13th Dada Saheb Phalke Memorial Lecture 2016

Blog / Aug 13, 2016

‘Screenplays in Popular Indian (Hindi) Cinema by Farrukh Dhondy’

By Farrukh Dhondy

Friday, 30th September 2016 at 6:30 PM
at The Nehru Centre, 8 South Audley Street, London W1K 1HF


Farrukh Dhondy

Popular Indian (Hindi) Cinema has developed a unique form of storytelling from the very beginning. Cinema came to India from the west but it developed its own narrative rooted in its own theatrical forms like Ramleela, Nautanki, Jatra and Parsi Theatre.

SACF’s 13th Dada Saheb Phalke Memorial Lecture will explore the roots of screenplay writing in Indian Cinema.   The lecture will be delivered by well- known screen writer, playwright and the former Channel Four Commissioning Editor (1984–97), Farrukh Dhondy.  He has written the screenplay for Mangal Pandey, starring Aamir Khan.

SACF’s Annual Phalke Memorial Lecture was instituted in the year 2002 with the inaugural lecture by the late P.K.Nair, India’s pioneering film archivist.

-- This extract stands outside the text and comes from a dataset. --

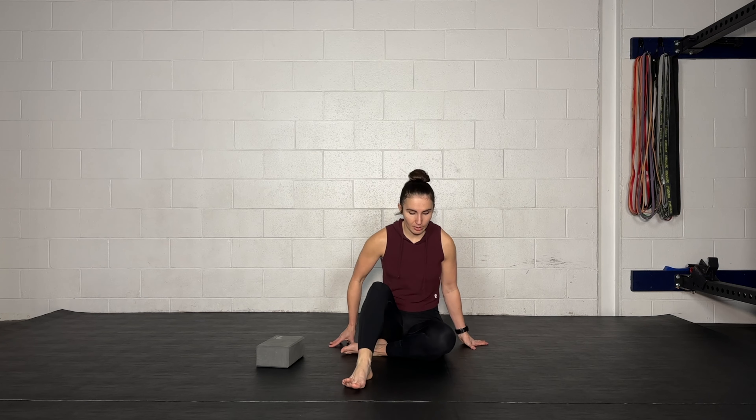Now we're going to get into a stretch for the side of your hips. We're going to start with our right leg, seated on the ground. What's going to happen is we're going to have this leg bent, and you can play with different angles of bend — we're not super fussy about that.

Subsequently, SACF’s Phalke lectures have been delivered by India’s well known filmmakers like Shyam Benegal, Saeed Akhtar Mirza, Chandraprakash Dwivedi and the documentary filmmaker Shivendra Singh Dungarpur.

Farrukh will elaborate on his thesis on Indian cinema being in its dramatic origins, traditions, and myths, though not in its technology, unique and distinct from the developments in Western film-making. His thesis traces the history of Indian cinema from the nationalist impulses of Dadasaheb Phalke through a Gandhian reform commitment to the  films of the immediate post-independence era and then to the developments of modern myths and the Indian film’s devious and crowd-pleasing or conscience-pleasing confrontations with reality.